Because that's what "prevent" would mean: fail safe, not just fail.
Maybe the key didn't actually leak at Microsoft and it has just been told to take the hit.
Maybe what really happened was that the key was stolen from one of the many agencies it must be sharing the key with, but they can't afford the embarrassment. We're as used to Microsoft causing security problems as we are to Trump committing crimes or Musk overpromising that it would not really register much..
After all, this is the same government that told you your luggage was still safe despite their mandated backdoor*, and you can get TSA keys now even from Amazon..
* If this sounds familiar, you're thinking of the insane idea to demand a backdoor into encryption that somehow seems to appear every 7 years or so, but in British politics.
I think your suggestion gains a bit of credibility from the fact that the US government seems not to care.
Whereas someone like me in charge, I'd be asking three letter agencies to evaluate that company with a view to perhaps excluding them from all government procurement for the next 20 years. Which, yes, I know, would cost a lot, but I'd think even a half-competent government can probably build their own data centers and go fully open source for about the same price.
> I'd think even a half-competent government can probably build their own data centers and go fully open source for about the same price.
Do you mean "a government which is half-way along the list of governments sorted by competency"? Looking at the number of government-based IT disasters, I really doubt it.
Or do you mean "a government which is half-way to being fully competent" ? I'm not sure there are any of those.
Why can't they just cancel this super-secret golden cryptographic skeleton key?
“golden cryptographic key ..which in the wrong hands can be used to create forged authentication tokens and log into other people's Microsoft accounts”
As distinct to falling into the right hands ;)
However, as per Microsoft's "standard debugging process," workers moved the crash dump from the isolated production network into a debugging environment on the internet-connected corporate network.

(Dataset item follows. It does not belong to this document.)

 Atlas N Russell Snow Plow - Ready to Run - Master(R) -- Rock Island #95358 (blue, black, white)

Sort of saying, then. "Oh yes we have a dump of supersenstive information that crashed. Let's take it somewhere insecure so that we can have a good look at it.".

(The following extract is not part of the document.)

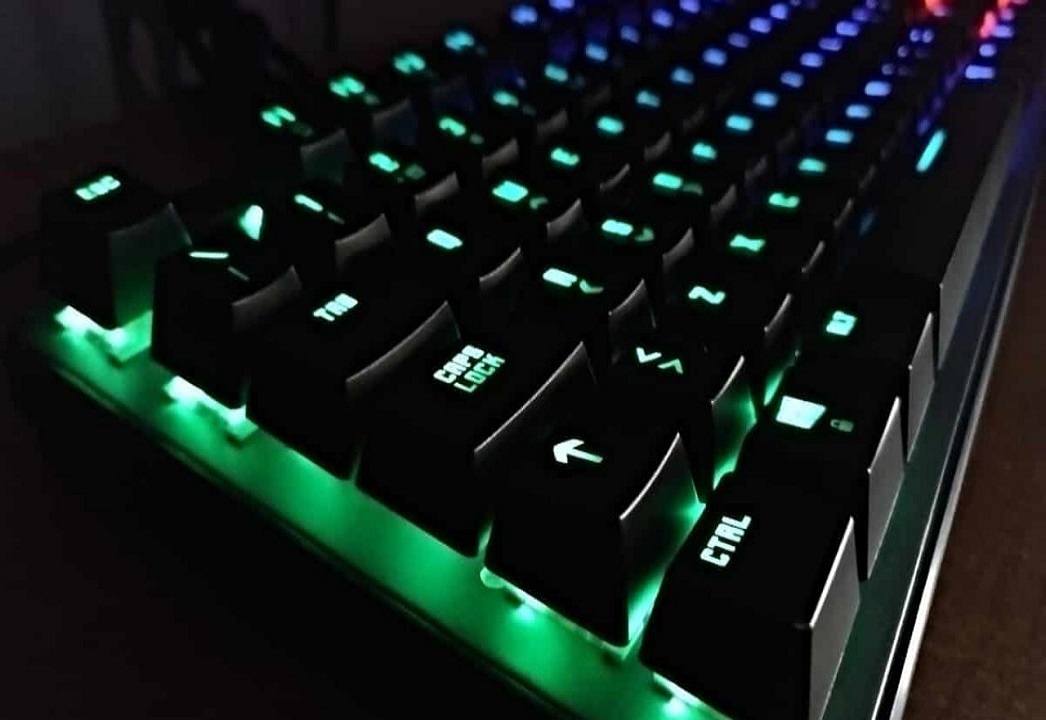Teclado verde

Really. No one thought that this was a really stupid idea in general
Who was the dunce who thought it'd be ok that everything could go through the same converged API without actually checking whether the token had the privileges to act as a skeleton key. That is the most egregious error of them all.

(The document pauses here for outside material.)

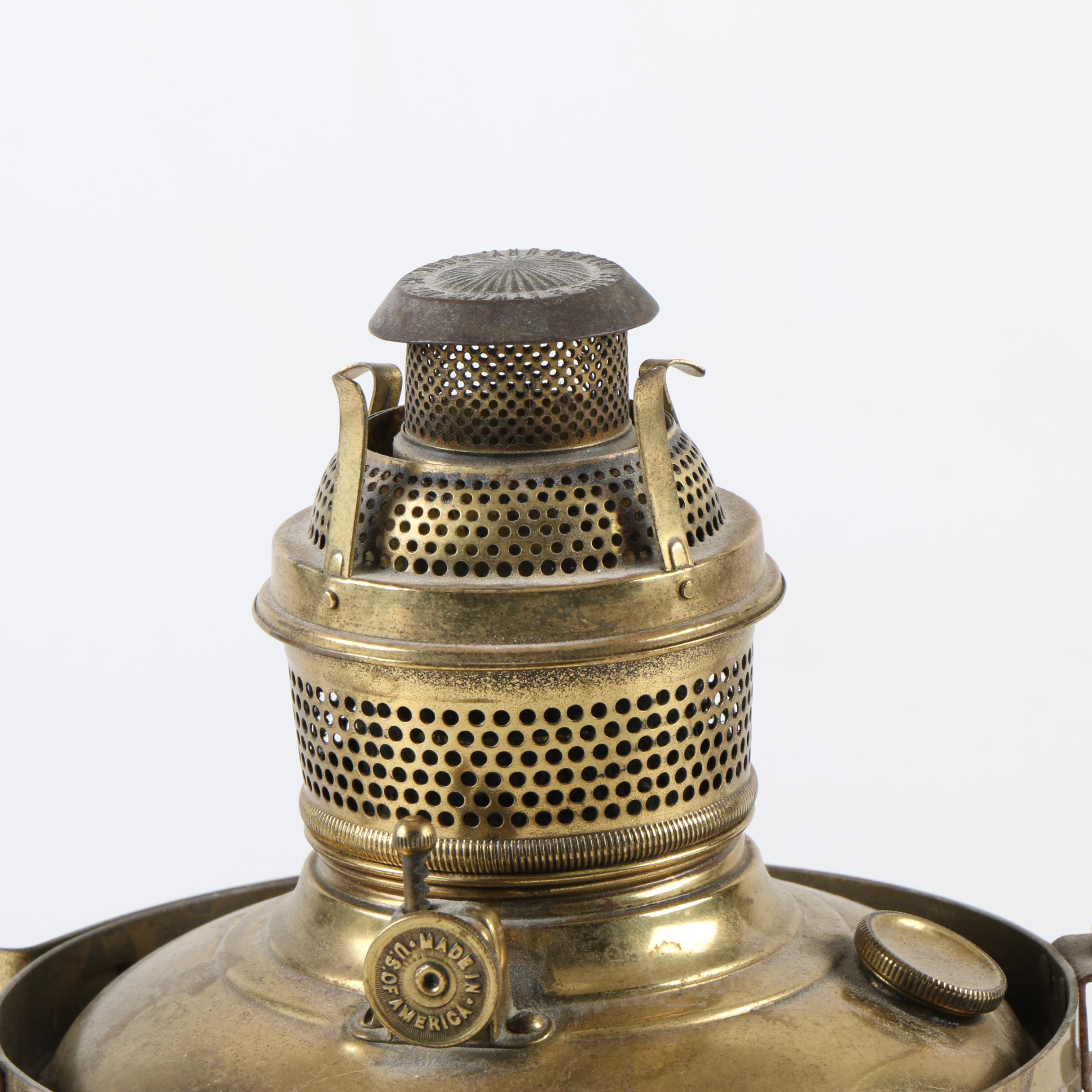 Antique Brass Hanging Oil Lamp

Get your OAuth/OIDC right, for goodness sake. It's not that difficult either. OpenID Foundation has examples!
It's an interesting measure of blame... because unless one has proof of who did it, how can blame be laid at a particular "hacker group". Did this hacker group accidentally leave a business card when scarpering from the scene? Was this accidentally dropped or a red herring?
The confident assignments of blame to "China" do sound like the previous "It was commies that done it" claims.
This doesn't mean that a Chinese state agency didn't do this, but I'd question any statement that they did without anything to back it up. Hell, there have been hacks where multiple groups have claimed that they did it and if it really was a Chinese state agency or a group sponsored by the Chinese state, I'd suspect that they'd take a dim view of those who did it showing off about it.
Its obvious that neither of you have worked with a Chinese citizen. Their goals will appear to be similar to yours, but in actuality, their sole goal is to advance China. They will take whatever they want, when they want it. If you think this is untrue or an unfair characterisation, you're wrong.
If you are not finished looking at a crash dump within a couple of days, why keep it? In contrast, why are access logs, which have long term value, regularly deleted?
What's the time between the original crash and the security failure? (Somewhere I read "2 years", but that may be unreliable information).